(WASHINGTON) — The first Afghans who worked for the U.S. military and diplomatic missions are being evacuated and will arrive in the U.S. late Thursday night or early Friday morning, according to a source familiar with the plans.
Secretary of State Antony Blinken said Thursday that they would arrive “very, very soon,” speaking during a press conference in Kuwait. He confirmed that the U.S. and Kuwait have had diplomatic discussions about hosting another group of Afghans, including during the day’s meetings, but he did not announce an agreement to do so.
These arrivals are the first after President Joe Biden’s pledged to support Afghan interpreters, guides and other contractors who served alongside U.S. troops and diplomats — many of whom now face threats from the Taliban as the militant group gains strength amid the U.S. military withdrawal.
Biden ordered all remaining American forces out of the country by the 20th anniversary this fall of the Sept. 11th attacks, which first brought U.S. troops to Afghanistan to destroy al Qaeda’s operations in the country and topple the Taliban government that gave them sanctuary.
Afghans who worked for the U.S. mission and now face threats for that work are eligible for a special immigrant visa program for them and their families.
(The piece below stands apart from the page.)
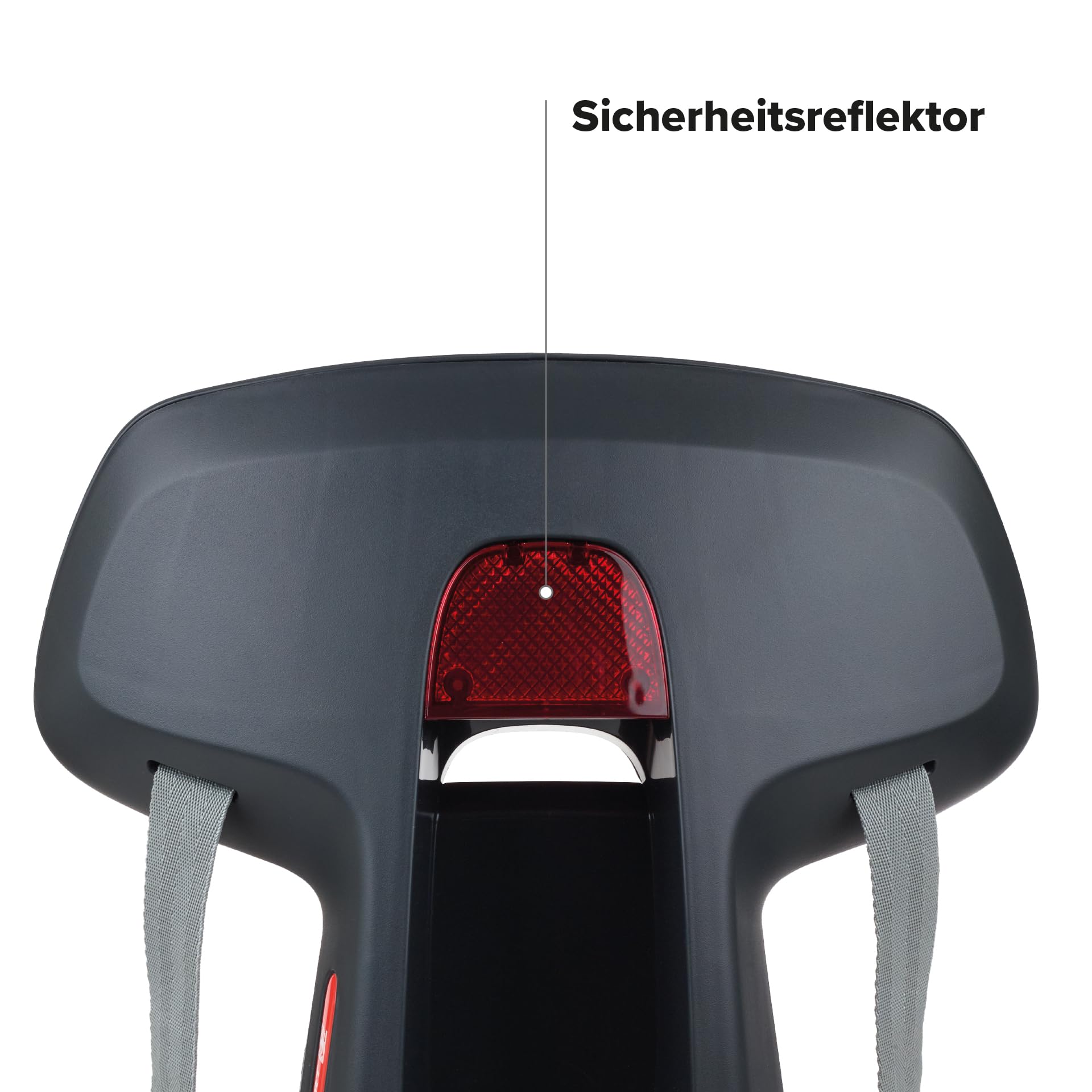 POLISPORT 8636100022 - Guppy Junior Fahrradkindersitz Hinten MIK-HD für Kinder ab 6 Jahren, kompatibel mit Fahrrädern von 24''-29'' und E-Bikes mit MIK HD-Gepäckträger max.27 kg in Dunkelgrau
There are approximately 20,000 Afghans who have applied, plus their family members, according to a State Department spokesperson — although it’s unclear how many of them the administration plans to evacuate.
So far, the administration has announced that some 750 Afghans who have already been approved and cleared security vetting will be brought to the U.S., along with their family members — 2,500 in total. They will be housed and provided temporary services at Fort Lee, a U.S. Army base in central Virginia, for seven to 10 days as they undergo medical exams and finish their application processing.
A second group of some 4,000 Afghan applicants, plus their family members, will also be housed overseas, possibly including at U.S. military installations, according to senior State Department officials. A U.S. official told ABC News the administration has had conversations with Kuwait, Qatar, the United Arab Emirates and several Central Asian countries — Tajikistan, Uzbekistan and Kazakhstan.
But during his visit to Kuwait, Blinken did not announce a new agreement with the U.S. ally to house Afghans there, where there are several U.S. military installations.
Blinken confirmed for the first time that the U.S. and Kuwait are discussing the mission, including in his meetings Thursday at the Ministry of Foreign Affairs, but it seemed they were unable to reach an agreement.
“We’re talking to a number of countries about the possibility of temporarily relocating” Afghans, Blinken told reporters. “That’s one of the issues that came up in our conversations today, but we are very much focused on making good on our obligations.”